7. Defamation: Advise your nephew of his rights in defamation law after his sister said that he was on the ‘naughty’ list this year.

8. Misleading and deceptive conduct: Clock up five 6-minute increments by addressing the misleading and deceptive conduct you undertook when you told your partner you’d only “stay at your family Christmas for two hours”. It’s been seven hours, and your mum is wearing the Santa beard as a hat now.

9 .Privacy: When your sister inevitably reveals the identity of Secret Santa, contemplate bringing a family class action in the lounge. While there is no absolute right to privacy in Australia there are protections in common law and under the Privacy Act. Your actions have consequences Lisa!

10. Intellectual property: Take on the large Christmas corporations for the unoriginal and recycled jokes in the Christmas crackers. Similarly, you’ve seen these hat designs before. Help your uncle sue Hallmark and Woolworths. Then take on Aldi for the batch of Chrissmass CreckersTM for breach of intellectual property. Any settlement should include free reign over the limited-edition Aldi catalogue items.

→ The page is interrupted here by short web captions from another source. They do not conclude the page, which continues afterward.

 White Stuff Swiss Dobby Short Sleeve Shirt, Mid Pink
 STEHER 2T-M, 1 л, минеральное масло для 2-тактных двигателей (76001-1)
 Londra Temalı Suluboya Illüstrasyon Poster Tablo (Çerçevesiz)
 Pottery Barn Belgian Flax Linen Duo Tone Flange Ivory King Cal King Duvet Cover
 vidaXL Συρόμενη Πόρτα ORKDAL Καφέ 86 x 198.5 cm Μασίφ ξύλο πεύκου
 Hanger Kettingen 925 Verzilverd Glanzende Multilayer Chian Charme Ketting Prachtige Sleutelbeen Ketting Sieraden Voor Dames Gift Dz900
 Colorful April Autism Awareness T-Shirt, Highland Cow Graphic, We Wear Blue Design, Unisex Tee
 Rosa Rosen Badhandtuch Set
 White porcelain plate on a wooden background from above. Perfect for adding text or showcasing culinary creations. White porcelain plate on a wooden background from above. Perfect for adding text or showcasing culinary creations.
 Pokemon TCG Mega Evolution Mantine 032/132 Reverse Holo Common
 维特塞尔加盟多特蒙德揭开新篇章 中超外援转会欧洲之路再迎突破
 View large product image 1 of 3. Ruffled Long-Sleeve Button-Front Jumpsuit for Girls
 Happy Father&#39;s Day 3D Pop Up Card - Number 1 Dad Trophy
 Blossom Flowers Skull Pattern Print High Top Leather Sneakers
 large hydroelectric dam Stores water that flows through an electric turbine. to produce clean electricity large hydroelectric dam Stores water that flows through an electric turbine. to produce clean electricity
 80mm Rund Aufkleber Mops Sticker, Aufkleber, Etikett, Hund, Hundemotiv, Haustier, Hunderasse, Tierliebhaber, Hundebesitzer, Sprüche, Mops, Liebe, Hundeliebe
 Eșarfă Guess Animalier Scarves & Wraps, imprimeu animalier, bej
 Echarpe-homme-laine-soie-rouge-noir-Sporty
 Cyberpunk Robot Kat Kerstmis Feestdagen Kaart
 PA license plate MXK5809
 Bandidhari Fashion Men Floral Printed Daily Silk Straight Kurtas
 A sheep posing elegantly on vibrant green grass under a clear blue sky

11. Administrative Law: Seek judicial review over the decision to collectively watch Love Actually for the seventh time. Contemplate substituting the decision for Elf or Die Hard 2.

12. Fraud: Finally, take on a suit for the little guy. Parents have been committing fraud for decades. Pretending to be Santa Claus, just so they could eat his cookies and Rudolph’s carrots? Sounds like a clear instance of fraud to me. Justice for Santa!